MATERIAL FOR THIS TASK START
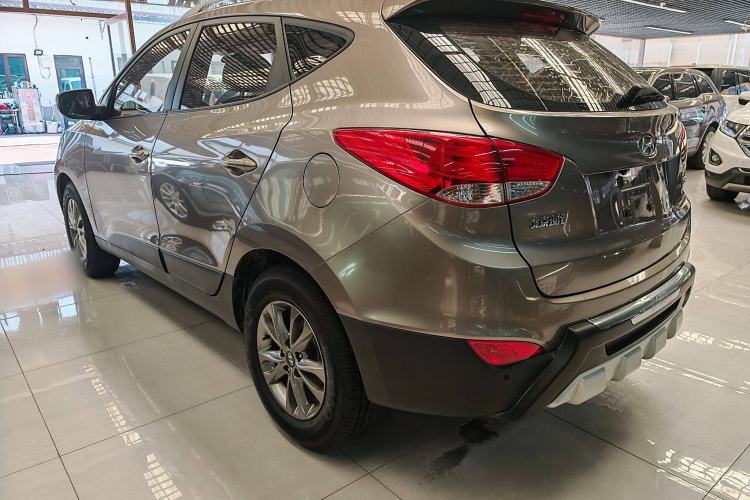 Used Hyundai ix35 2015 2.0L Automatic 2WD Comfort Edition China IV Standard Exterior 3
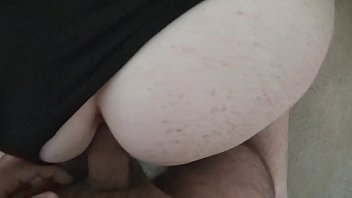 Loira cavala de lingerie preta quica gostoso na rola
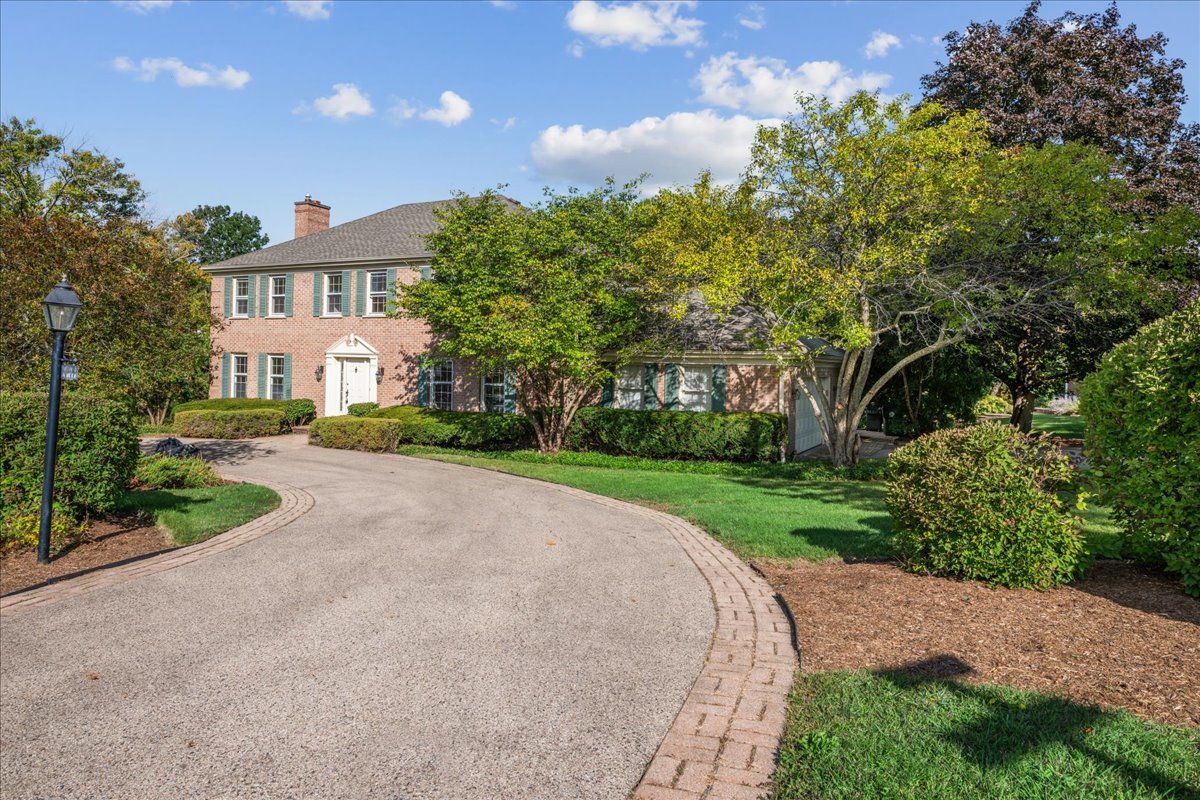 1300 Lake Shore Drive S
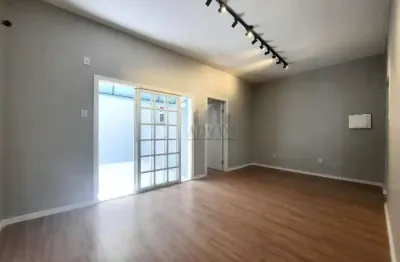 Apartamento com 2 quartos à venda na rua felipe camarão, 567, rio branco, porto alegre por r$ 695.000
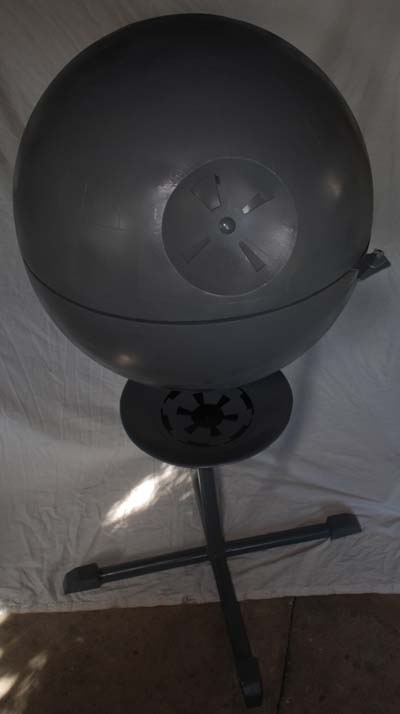 Death Star Grill on Kuolontähti-grilli 1 Death Star Grill on Kuolontähti-grilli 1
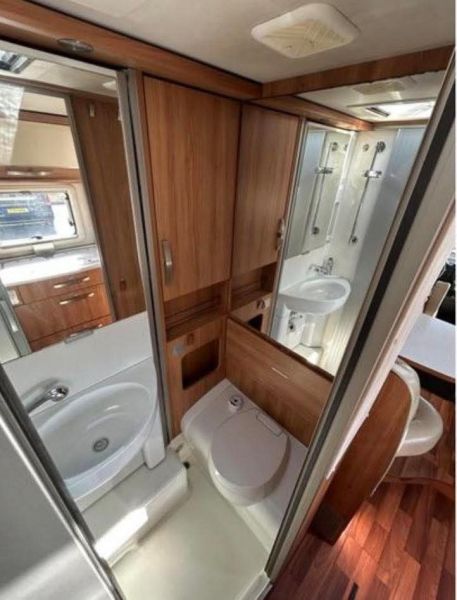 En venta Hymer / Eriba / Hymercar Fiat Ducato 150 C.V Blanco 2013 Guipúzcoa foto 17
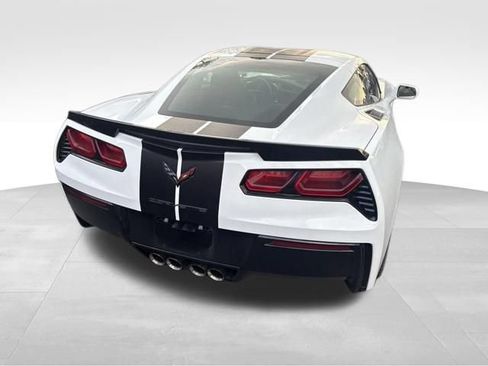 Used 2019 Chevrolet Corvette Stingray Coupe RWD image 18
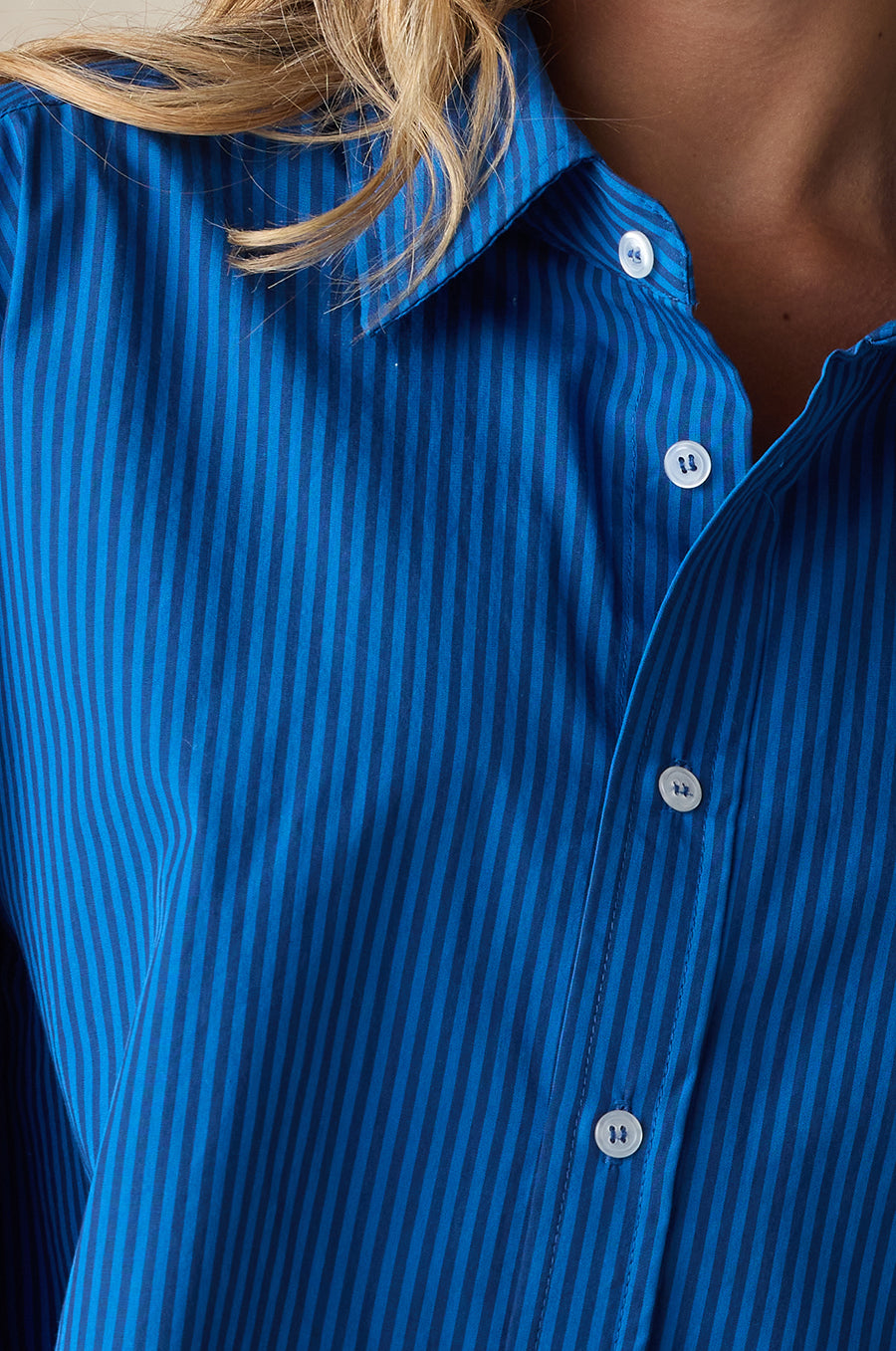 CROPPED BOXY BUTTON UP IN CERULEAN STRIPE POPLIN - the lady & the sailor
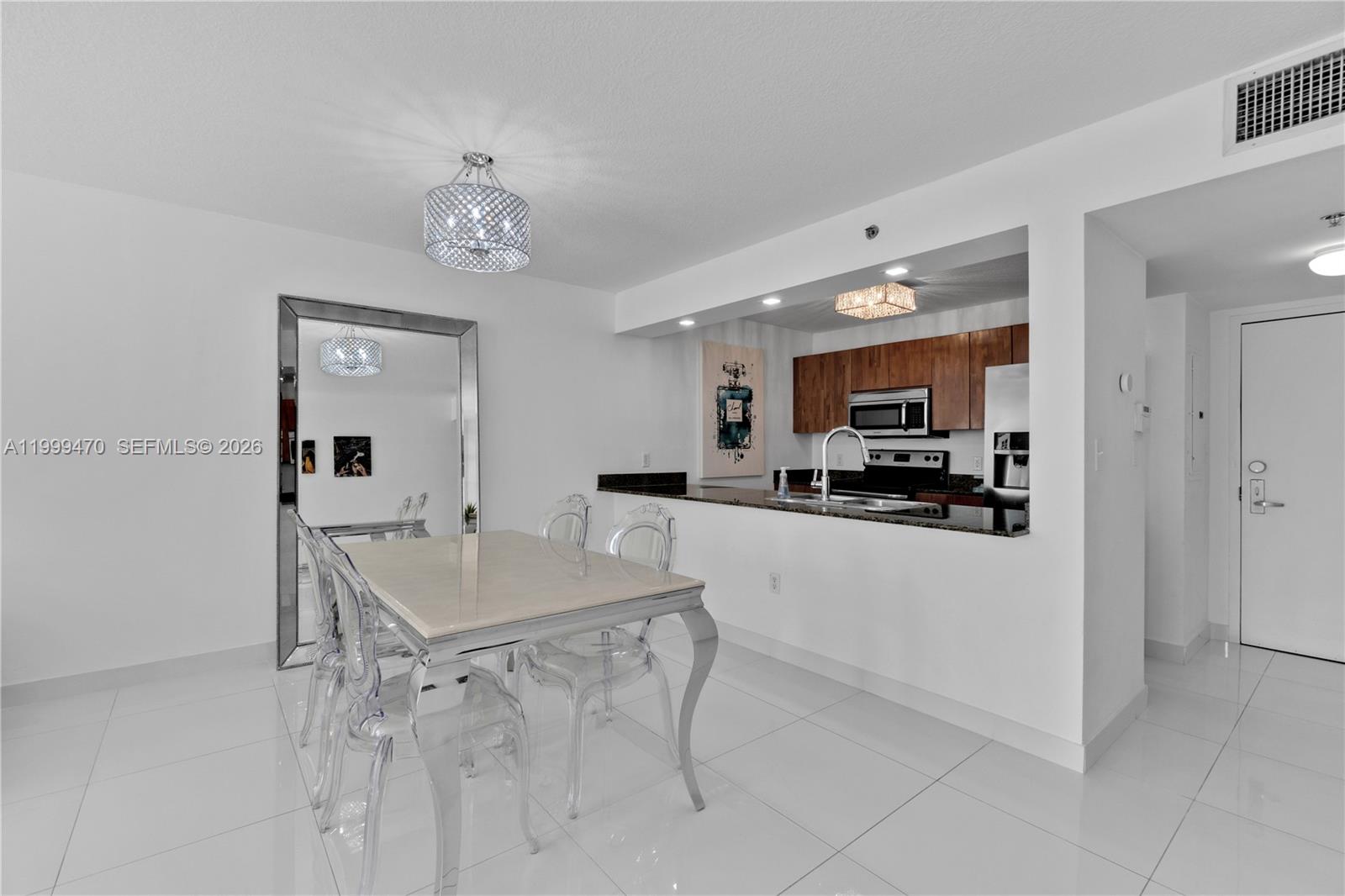 1200 Brickell Bay Dr #2017, Miami FL 33131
MATERIAL FOR THIS TASK END
WHAT IS REQUIRED: In the records above, the lines from the one containing "En venta Hymer" through the last line are to be written out exactly, both ends included and pictures omitted.

RESULT FOR THIS TASK:
 En venta Hymer / Eriba / Hymercar Fiat Ducato 150 C.V Blanco 2013 Guipúzcoa foto 17
 Used 2019 Chevrolet Corvette Stingray Coupe RWD image 18
 CROPPED BOXY BUTTON UP IN CERULEAN STRIPE POPLIN - the lady & the sailor
 1200 Brickell Bay Dr #2017, Miami FL 33131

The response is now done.